At the same time, the Republican-led House Un-American Activities Committee (known as HUAC) began a determined campaign to extirpate communist subversion at home. HUAC’s targets included left-wingers in Hollywood and liberals in the State Department. In 1950, Congress passed the McCarran Internal Security Act, which required that all “subversives” in the United States submit to government supervision. (President Truman vetoed the Act—he said it “would make a mockery of our Bill of Rights”—but a Congressional majority overrode his veto.)
Joseph McCarthy and the Rise of McCarthyism
All of these factors combined to create an atmosphere of fear and dread, which proved a ripe environment for the rise of a staunch anticommunist like Joseph McCarthy. At the time, McCarthy was a first-term senator from Wisconsin who had won election in 1946 after a campaign in which he criticized his opponent’s failure to enlist during World War II while emphasizing his own wartime heroics.
In February 1950, appearing at the Ohio County Women’s Republican Club in Wheeling, West Virginia, McCarthy gave a speech that propelled him into the national spotlight. Waving a piece of paper in the air, he declared that he had a list of 205 known members of the Communist Party who were “working and shaping policy” in the State Department.

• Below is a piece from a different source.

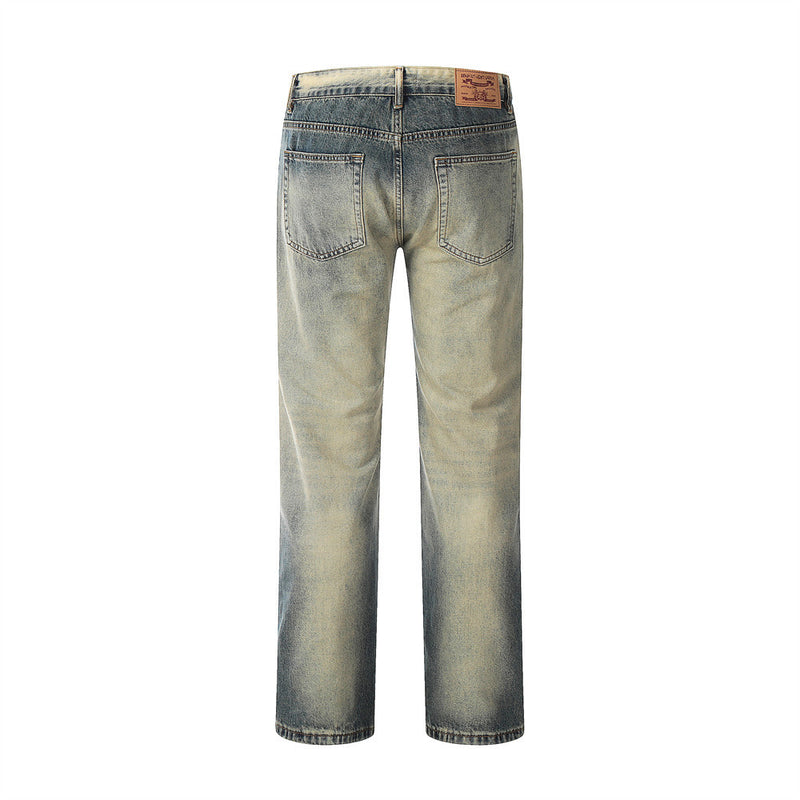 Men Jeans Gradient Color Yellow Mud Color Loose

The next month, a Senate subcommittee launched an investigation and found no proof of any subversive activity. Moreover, many of McCarthy’s Democratic and Republican colleagues, including President Dwight Eisenhower, disapproved of his tactics (“I will not get into the gutter with this guy,” the president told his aides). Still, the senator continued his so-called Red-baiting campaign. In 1953, at the beginning of his second term as senator, McCarthy was put in charge of the Committee on Government Operations, which allowed him to launch even more expansive investigations of the alleged communist infiltration of the federal government. In hearing after hearing, he aggressively interrogated witnesses in what many came to perceive as a blatant violation of their civil rights. Despite a lack of any proof of subversion, more than 2,000 government employees lost their jobs as a result of McCarthy’s investigations.

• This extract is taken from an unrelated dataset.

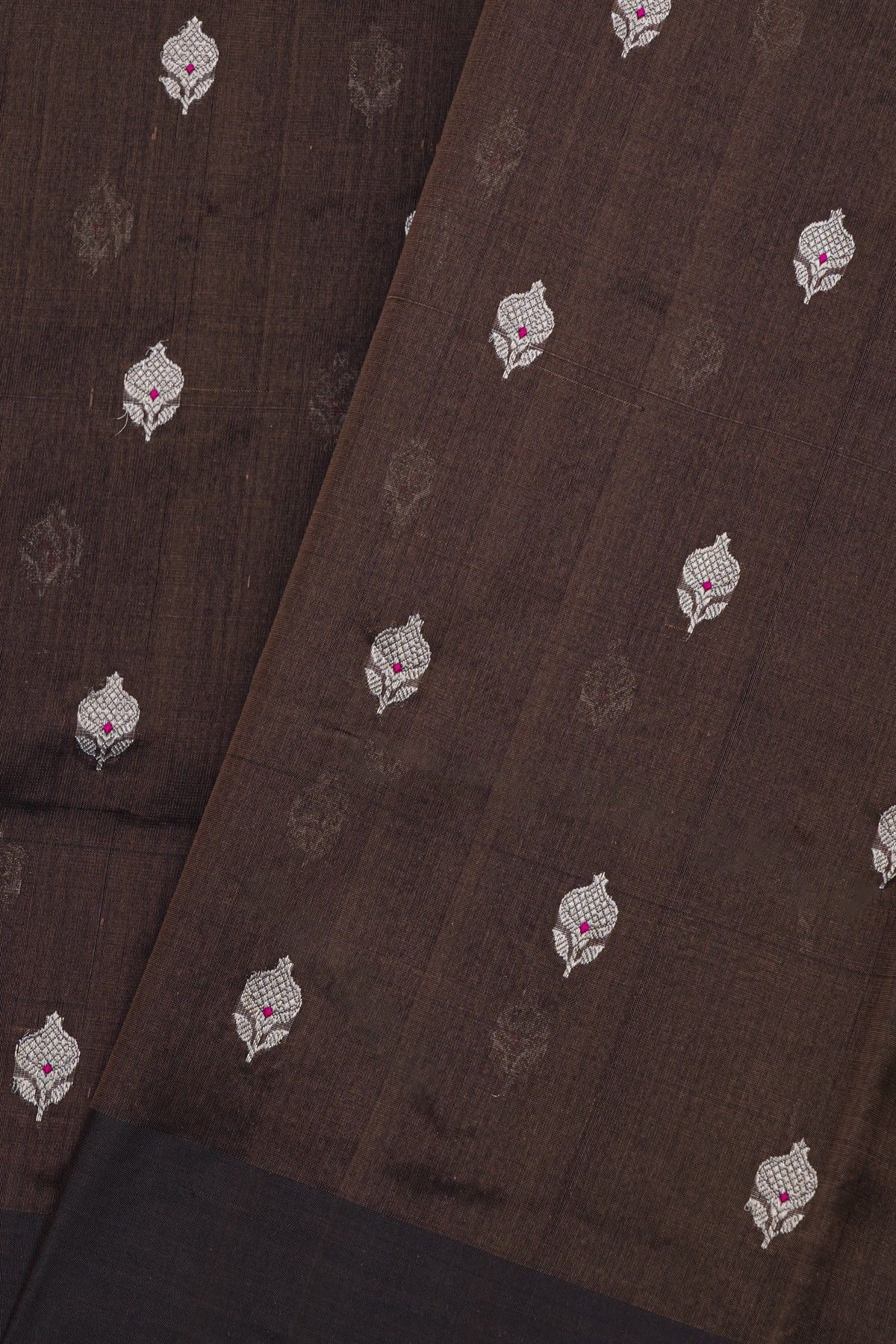 Chanderi Silk Dark Brown Saree With Zari Buttis Body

“Have you no sense of decency, sir?”
In April 1954, Senator McCarthy turned his attention to “exposing” the supposed communist infiltration of the armed services. Many people had been willing to overlook their discomfort with McCarthyism during the senator’s campaign against government employees and others they saw as “elites”; now, however, their support began to wane. Almost at once, the aura of invulnerability that had surrounded McCarthy for nearly five years began to disappear. First, the Army undermined the senator’s credibility by showing evidence that he had tried to win preferential treatment for his aides when they were drafted. Then came the fatal blow: the decision to broadcast the “Army-McCarthy” hearings on national television. The American people watched as McCarthy intimidated witnesses and offered evasive responses when questioned. When he attacked a young Army lawyer, the Army’s chief counsel thundered, “Have you no sense of decency, sir?” The Army-McCarthy hearings struck many observers as a shameful moment in American politics.
The Fall of Joseph McCarthy
By the time the hearings were over, McCarthy had lost most of his allies. The Senate voted to condemn him for his “inexcusable,” “reprehensible,” “vulgar and insulting” conduct “unbecoming a senator.” He kept his job but lost his power, and died in 1957 at the age of 48.